Mis días empezaban con la primera visión de la sábana cubriéndome el rostro. El aire acondicionado siempre en 16 °C, para poder sentir un ambiente medianamente frío. Cuando finalmente me ganaba el sentido de la responsabilidad y salía del cuarto, mamá en la cocina ya sudaba a chorros mientras terminaba el desayuno. Bañarse era el ritual de no saber si al salir de la ducha las gotas que corrían aún eran de agua o si eran de sudor.

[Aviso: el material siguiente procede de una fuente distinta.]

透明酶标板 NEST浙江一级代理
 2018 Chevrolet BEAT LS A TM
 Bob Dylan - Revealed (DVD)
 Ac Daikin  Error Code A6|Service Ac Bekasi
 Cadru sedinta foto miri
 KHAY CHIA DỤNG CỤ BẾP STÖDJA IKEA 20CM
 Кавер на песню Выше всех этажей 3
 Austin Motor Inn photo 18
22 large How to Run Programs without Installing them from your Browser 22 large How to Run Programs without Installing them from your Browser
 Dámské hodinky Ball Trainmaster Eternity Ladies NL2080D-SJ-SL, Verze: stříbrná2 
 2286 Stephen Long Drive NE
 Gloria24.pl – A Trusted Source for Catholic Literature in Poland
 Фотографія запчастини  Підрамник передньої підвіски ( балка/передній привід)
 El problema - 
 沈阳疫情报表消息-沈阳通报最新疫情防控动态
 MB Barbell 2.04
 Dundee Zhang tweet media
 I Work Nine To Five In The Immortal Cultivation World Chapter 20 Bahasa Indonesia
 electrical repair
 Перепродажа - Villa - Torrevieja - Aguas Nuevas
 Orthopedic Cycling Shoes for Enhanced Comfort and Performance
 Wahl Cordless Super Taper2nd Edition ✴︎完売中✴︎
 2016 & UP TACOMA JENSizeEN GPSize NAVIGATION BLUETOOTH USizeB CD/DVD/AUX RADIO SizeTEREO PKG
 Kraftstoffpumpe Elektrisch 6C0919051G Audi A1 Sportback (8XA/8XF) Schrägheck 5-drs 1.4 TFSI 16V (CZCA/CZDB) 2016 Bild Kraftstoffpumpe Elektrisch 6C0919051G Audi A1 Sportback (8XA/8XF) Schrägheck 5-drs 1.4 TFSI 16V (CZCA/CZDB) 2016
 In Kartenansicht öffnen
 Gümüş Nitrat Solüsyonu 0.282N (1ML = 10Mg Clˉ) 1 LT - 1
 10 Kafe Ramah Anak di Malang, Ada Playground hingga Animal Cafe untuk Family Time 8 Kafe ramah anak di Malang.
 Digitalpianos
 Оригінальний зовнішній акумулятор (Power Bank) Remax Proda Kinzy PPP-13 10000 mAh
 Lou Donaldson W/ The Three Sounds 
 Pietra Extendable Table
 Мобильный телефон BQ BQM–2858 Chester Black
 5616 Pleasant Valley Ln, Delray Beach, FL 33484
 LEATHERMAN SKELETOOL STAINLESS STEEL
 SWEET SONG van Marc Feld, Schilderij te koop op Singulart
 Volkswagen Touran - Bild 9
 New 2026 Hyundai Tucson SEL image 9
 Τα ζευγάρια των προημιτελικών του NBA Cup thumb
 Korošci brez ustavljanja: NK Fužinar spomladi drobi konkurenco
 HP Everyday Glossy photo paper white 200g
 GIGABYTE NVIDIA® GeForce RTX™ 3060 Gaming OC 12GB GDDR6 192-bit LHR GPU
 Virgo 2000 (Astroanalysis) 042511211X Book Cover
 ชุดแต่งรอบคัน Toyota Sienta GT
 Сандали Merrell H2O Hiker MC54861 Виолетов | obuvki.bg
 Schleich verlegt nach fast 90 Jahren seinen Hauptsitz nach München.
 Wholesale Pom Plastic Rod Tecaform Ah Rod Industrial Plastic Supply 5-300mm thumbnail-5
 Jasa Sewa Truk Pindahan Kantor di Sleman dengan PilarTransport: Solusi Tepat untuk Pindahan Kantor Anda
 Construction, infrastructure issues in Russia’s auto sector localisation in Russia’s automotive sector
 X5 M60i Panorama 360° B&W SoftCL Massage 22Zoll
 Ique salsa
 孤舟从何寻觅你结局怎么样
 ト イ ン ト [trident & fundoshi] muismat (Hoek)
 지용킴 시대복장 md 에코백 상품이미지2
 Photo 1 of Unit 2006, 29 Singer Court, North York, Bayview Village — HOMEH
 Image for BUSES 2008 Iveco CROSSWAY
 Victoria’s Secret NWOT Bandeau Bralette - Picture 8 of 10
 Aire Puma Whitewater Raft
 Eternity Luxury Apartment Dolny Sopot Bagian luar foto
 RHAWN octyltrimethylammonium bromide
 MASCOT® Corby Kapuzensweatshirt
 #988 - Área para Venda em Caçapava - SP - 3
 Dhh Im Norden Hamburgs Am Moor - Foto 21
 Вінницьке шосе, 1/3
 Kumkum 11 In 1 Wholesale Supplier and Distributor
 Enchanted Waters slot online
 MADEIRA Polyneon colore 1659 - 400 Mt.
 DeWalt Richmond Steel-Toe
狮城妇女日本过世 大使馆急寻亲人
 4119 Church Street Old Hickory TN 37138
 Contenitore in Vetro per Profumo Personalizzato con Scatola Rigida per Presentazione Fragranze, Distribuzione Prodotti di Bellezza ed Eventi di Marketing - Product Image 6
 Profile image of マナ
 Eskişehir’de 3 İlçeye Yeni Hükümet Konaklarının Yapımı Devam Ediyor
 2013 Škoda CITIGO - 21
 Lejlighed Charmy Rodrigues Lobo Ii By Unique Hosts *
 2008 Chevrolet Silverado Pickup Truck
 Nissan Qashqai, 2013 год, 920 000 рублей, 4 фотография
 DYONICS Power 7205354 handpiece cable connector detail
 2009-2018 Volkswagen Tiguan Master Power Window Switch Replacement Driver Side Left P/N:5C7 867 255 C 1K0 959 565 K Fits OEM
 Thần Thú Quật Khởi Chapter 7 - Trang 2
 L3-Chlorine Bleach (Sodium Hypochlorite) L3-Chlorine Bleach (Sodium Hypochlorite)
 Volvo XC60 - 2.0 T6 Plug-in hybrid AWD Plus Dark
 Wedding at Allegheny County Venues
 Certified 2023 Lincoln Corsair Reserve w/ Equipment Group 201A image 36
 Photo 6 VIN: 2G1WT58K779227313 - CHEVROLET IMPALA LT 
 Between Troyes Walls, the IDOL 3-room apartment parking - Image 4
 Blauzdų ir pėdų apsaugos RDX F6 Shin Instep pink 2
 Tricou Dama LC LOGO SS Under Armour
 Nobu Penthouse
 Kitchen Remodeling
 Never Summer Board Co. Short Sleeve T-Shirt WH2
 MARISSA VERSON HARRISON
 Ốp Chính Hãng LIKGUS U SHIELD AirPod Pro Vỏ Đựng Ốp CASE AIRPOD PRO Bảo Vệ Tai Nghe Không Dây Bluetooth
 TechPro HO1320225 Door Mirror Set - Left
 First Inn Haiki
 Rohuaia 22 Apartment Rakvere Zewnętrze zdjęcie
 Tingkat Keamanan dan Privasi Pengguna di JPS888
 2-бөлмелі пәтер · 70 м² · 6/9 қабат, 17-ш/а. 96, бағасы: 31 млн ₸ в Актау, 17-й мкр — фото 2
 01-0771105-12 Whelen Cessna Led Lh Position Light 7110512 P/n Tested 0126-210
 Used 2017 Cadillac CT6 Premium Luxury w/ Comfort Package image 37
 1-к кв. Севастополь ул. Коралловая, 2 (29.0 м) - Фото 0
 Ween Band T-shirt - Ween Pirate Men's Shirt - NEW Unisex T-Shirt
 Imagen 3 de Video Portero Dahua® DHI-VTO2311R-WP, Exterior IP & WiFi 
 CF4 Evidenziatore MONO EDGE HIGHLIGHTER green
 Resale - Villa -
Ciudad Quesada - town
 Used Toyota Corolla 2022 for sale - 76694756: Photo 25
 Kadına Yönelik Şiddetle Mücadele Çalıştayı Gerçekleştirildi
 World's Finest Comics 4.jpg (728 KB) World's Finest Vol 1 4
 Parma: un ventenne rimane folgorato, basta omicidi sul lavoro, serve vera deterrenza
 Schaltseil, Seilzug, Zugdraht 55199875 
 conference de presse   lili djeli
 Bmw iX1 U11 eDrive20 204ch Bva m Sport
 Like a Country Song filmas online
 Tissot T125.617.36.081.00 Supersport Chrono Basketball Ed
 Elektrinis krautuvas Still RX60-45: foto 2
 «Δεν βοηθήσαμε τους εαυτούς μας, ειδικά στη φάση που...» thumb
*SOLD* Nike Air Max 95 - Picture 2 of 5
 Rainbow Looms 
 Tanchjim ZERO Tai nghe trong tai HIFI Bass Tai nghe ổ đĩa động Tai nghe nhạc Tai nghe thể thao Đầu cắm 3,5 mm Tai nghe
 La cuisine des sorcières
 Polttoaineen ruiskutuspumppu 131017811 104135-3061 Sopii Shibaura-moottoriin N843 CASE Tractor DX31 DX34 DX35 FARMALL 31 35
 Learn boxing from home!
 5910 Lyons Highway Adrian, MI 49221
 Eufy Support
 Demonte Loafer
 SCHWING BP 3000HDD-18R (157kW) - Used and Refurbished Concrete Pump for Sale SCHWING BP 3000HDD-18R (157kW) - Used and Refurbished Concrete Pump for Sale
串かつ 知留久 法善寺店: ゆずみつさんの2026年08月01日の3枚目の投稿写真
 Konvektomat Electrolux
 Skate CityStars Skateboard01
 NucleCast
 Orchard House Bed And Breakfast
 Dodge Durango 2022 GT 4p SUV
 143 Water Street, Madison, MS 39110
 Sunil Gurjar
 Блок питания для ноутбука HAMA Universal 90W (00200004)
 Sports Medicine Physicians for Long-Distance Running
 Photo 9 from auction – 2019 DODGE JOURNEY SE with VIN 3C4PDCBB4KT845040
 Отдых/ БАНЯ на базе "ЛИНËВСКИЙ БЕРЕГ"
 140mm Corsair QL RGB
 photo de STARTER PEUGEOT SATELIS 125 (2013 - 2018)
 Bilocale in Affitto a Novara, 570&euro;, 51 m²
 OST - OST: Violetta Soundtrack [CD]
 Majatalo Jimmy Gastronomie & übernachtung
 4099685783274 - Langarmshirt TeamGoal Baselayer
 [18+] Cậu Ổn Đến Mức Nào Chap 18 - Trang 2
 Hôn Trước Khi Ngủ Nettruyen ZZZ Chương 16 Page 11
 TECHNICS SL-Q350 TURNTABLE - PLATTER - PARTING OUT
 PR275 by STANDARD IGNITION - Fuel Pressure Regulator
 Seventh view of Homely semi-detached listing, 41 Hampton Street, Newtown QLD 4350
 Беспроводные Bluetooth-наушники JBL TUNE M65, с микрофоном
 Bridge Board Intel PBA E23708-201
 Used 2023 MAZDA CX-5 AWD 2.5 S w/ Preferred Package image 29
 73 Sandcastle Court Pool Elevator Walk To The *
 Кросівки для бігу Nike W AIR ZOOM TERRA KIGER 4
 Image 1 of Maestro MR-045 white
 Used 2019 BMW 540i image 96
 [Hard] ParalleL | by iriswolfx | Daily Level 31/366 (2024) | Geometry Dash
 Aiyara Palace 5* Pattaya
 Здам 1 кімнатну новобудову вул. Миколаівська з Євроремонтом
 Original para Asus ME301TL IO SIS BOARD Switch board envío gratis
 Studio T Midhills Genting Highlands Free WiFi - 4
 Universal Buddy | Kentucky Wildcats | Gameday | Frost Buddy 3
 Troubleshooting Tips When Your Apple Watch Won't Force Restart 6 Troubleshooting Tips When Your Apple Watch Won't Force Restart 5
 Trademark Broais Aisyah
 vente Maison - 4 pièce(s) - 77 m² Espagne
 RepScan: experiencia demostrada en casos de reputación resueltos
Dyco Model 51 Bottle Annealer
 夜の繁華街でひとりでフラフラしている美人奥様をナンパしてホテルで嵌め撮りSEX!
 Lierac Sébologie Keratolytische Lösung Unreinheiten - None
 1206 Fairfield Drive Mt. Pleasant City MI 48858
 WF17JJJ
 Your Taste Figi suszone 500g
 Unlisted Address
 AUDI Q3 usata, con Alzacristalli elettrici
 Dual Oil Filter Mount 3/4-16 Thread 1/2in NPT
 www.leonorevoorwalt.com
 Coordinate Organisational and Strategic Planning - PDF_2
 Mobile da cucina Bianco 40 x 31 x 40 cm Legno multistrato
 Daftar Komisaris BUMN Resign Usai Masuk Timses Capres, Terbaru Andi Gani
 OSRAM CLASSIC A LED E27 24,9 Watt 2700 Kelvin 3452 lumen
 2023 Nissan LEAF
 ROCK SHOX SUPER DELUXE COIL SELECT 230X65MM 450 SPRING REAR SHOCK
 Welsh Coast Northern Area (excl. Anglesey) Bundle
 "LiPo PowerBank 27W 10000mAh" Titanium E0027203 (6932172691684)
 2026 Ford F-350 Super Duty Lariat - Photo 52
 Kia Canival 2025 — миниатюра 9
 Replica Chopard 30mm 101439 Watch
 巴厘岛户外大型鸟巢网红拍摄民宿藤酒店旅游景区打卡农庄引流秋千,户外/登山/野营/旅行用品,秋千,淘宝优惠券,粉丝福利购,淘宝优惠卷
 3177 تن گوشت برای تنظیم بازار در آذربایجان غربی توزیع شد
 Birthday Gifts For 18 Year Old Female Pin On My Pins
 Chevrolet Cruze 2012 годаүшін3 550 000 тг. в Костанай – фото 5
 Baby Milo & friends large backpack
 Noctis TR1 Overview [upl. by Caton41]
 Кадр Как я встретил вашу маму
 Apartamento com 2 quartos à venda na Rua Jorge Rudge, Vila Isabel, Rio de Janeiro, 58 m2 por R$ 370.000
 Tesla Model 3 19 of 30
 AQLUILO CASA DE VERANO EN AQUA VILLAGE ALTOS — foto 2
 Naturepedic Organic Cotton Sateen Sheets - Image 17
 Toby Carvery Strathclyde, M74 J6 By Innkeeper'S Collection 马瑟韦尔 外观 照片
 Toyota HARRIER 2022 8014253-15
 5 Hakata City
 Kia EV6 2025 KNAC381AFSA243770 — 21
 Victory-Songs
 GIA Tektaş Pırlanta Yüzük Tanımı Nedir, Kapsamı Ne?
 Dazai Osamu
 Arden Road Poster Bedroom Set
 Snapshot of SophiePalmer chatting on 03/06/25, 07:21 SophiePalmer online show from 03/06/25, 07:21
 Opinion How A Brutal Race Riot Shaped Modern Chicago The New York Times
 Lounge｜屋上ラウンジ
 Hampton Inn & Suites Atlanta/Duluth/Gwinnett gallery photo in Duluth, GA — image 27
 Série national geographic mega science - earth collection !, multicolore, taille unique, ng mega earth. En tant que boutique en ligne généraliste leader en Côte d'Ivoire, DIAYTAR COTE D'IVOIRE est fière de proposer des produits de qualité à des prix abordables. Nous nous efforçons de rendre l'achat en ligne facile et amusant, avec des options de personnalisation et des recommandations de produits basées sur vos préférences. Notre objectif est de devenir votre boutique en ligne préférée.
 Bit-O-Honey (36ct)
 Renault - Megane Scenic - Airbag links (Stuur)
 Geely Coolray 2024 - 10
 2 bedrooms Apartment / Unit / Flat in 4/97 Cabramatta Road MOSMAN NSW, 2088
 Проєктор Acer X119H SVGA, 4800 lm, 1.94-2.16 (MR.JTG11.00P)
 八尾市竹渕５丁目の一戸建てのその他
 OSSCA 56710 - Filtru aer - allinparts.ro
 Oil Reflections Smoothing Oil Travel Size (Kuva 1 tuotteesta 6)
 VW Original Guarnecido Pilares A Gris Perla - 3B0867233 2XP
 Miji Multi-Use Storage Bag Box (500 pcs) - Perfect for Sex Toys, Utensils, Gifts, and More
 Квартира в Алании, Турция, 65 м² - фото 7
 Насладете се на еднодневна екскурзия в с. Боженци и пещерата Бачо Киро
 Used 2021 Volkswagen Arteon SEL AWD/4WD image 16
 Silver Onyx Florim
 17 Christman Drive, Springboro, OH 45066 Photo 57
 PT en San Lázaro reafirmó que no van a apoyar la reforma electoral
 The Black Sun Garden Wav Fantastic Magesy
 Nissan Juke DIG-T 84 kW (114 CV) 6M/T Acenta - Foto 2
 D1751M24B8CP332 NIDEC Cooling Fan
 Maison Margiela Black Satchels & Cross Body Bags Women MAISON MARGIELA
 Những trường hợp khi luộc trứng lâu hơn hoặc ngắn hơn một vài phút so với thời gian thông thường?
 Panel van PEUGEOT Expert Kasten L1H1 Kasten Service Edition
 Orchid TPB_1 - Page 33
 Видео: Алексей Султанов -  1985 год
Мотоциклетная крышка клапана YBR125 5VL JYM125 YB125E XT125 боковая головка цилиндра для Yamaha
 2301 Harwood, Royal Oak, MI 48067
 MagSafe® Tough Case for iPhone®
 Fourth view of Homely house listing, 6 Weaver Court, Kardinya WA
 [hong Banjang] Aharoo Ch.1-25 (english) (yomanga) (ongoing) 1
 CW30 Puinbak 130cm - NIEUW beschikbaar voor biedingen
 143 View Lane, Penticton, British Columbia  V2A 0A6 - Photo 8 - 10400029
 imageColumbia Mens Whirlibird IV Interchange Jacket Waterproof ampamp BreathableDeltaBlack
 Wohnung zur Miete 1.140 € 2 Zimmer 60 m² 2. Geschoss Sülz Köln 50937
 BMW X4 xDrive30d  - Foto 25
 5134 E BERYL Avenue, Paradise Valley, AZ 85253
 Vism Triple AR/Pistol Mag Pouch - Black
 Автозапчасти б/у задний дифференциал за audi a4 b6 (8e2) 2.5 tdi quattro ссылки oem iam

El clima de mi ciudad influye en todas las cosas. La grama no es tan verde, la gente sonríe poco cuando está en la calle, los vendedores ambulantes usan gorras por norma, los conductores del transporte público usan en sus brazos trazos de franelas viejas para cubrirse de la inclemencia del sol. El señor que vende frutas en la esquina es muy gordo y siempre tiene mucho calor. Todos los días, mientras esperaba el carro por puesto para ir a la universidad, lo veía comiendo pastelitos fritos.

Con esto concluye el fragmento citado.